# Irrigation time-series attributes extraction

Author: Thiago Nascimento (thiago.nascimento@eawag.ch)

This notebook is part of the EStreams publication and was used to extract and aggregate the area equipped for irrigation (AEI) between 1900 and 2005 from the Historical Irrigation Dataset (HID).

* Note that this code enables not only the replicability of the current database but also the extrapolation to new catchment areas. 
* Additionally, the user should download and insert the original raw-data in the folder of the same name prior to run this code. 
* The original third-party data used were not made available in this repository due to redistribution and storage-space reasons.  

## Requirements
**Python:**

* Python>=3.6
* Jupyter
* geopandas=0.10.2
* glob
* numpy
* os
* pandas
* rasterio
* tqdm

Check the Github repository for an environment.yml (for conda environments) or requirements.txt (pip) file.

**Files:**

* data/shapefiles/estreams_catchments.shp
* data/irrigation/AEI_EARTHSTAT_IR_{1900, 1910, 1920, 1930, 1940, 1960, 1970, 1980, 1985, 1990, 1995, 2000, 2005}.asc https://mygeohub.org/publications/8 (Last access: 05 December 2023)

**Directory:**

* Clone the GitHub directory locally
* Place any third-data variables in their respective directory.
* ONLY update the "PATH" variable in the section "Configurations", with their relative path to the EStreams directory. 

## References

* Siebert, S., Kummu, M., Porkka, M., Döll, P., Ramankutty, N., and Scanlon, B. R.: A global data set of the extent of irrigated land from 1900 to 2005, Hydrol. Earth Syst. Sci., 19, 1521–1545, https://doi.org/10.5194/hess-19-1521-2015, 2015.

## Licenses
* CC0 - Creative Commons: https://mygeohub.org/publications/8 (Last access: 06 December 2023)

## Observations

* HID provides the AEI in 8 different products.
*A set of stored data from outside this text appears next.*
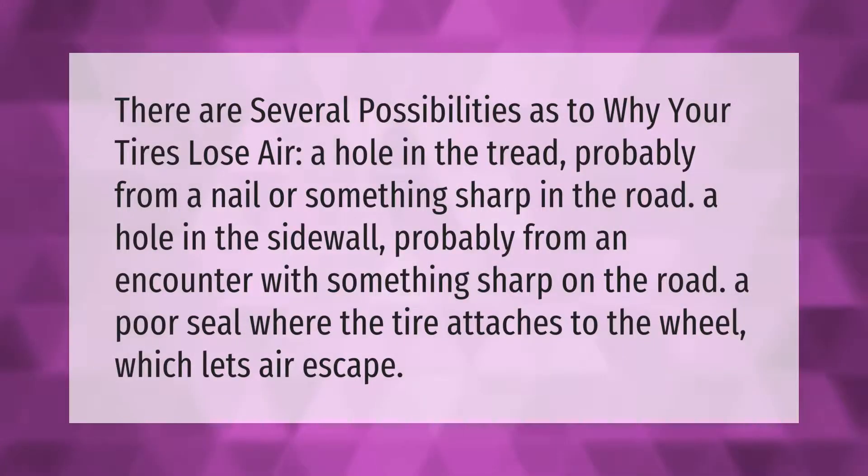There are several possibilities as to why your tires lose air: a hole in the tread, probably from a nail or something sharp in the road; a hole in the sidewall, probably from an encounter with something sharp on the road; or a poor seal where the tire attaches to the wheel, which lets air escape.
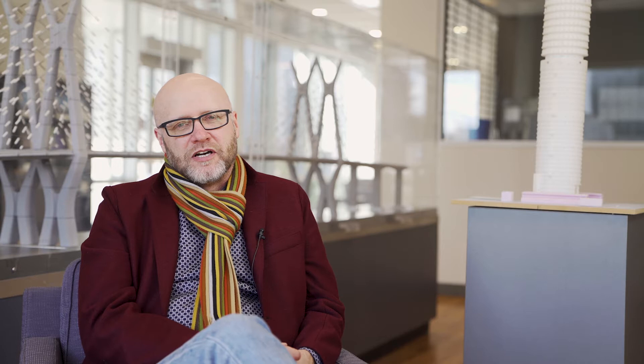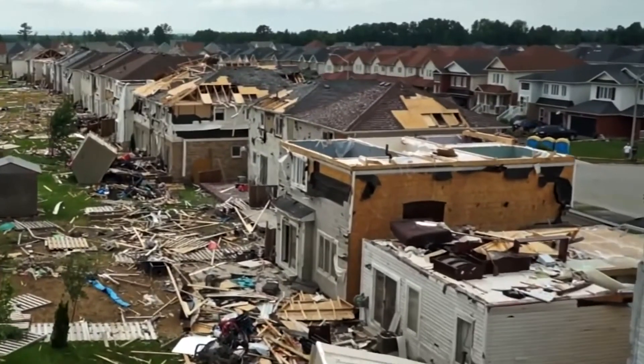For my research, I work on making buildings and houses more resilient to extreme windstorms. We do field observations of damage following tornadoes and other severe windstorms across Canada, and we try to identify the kinds of weaknesses in our structures and look for ways to make them better.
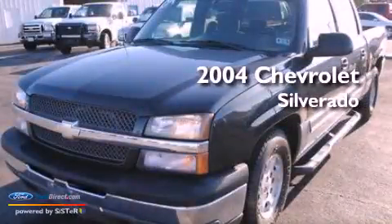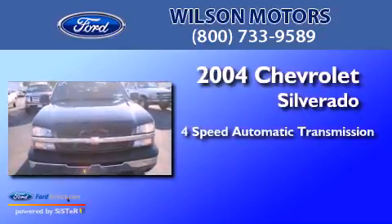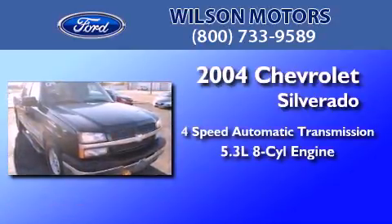This is a 2004 Chevrolet Silverado. This truck has a four-speed automatic transmission and a 5.3-liter V8.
Here we decided to use the AEI_EARTHSTAT_IR_{} version of available, which was the version used in HydroAtlas (yet only for year 2005) and other studies. 

# Import modules

In [1]:
import os
import numpy as np
import pandas as pd
import geopandas as gpd
import tqdm
import glob
import rasterio
from rasterio.mask import geometry_mask
from rasterio.warp import calculate_default_transform

# Configurations

In [2]:
# Only editable variables:
# Relative path to your local directory
PATH = "../../.."

* #### The users should NOT change anything in the code below here.


In [3]:
# Non-editable variables:
PATH_OUTPUT = "results/timeseries/irrigation/"

# Set the directory:
os.chdir(PATH)

# Import data
## Catchment boundaries

In [4]:
catchment_boundaries = gpd.read_file('data/shapefiles/estreams_catchments.shp')
catchment_boundaries.head()

Unnamed: 0,id,area_km2,outlet_lat,outlet_lng,name,area_offic,layer,path,Code,basin_id,area_calc,geometry
0,FR003159,37,47.488,7.393,A100003001,38.6,FR003159,C:/Users/nascimth/Documents/Thiago/Eawag/Pytho...,FR003159,FR003159,37.183,"POLYGON ((7.30374 47.49375, 7.30708 47.49375, ..."
1,FR003160,227,47.626,7.239,A105003001,233.0,FR003160,C:/Users/nascimth/Documents/Thiago/Eawag/Pytho...,FR003160,FR003160,226.962,"POLYGON ((7.22291 47.63458, 7.22374 47.63458, ..."
2,FR003161,14,47.586,7.384,A106000101,15.0,FR003161,C:/Users/nascimth/Documents/Thiago/Eawag/Pytho...,FR003161,FR003161,13.595,"POLYGON ((7.38791 47.59041, 7.39874 47.59041, ..."
3,FR003162,70,47.622,7.275,A107020001,70.0,FR003162,C:/Users/nascimth/Documents/Thiago/Eawag/Pytho...,FR003162,FR003162,70.152,"POLYGON ((7.28375 47.60958, 7.28291 47.60958, ..."
4,FR003163,330,47.653,7.265,A108003001,325.0,FR003163,C:/Users/nascimth/Documents/Thiago/Eawag/Pytho...,FR003163,FR003163,330.158,"POLYGON ((7.22958 47.65291, 7.23208 47.65291, ..."


In [5]:
print("The total number of catchments to be processed are:", len(catchment_boundaries))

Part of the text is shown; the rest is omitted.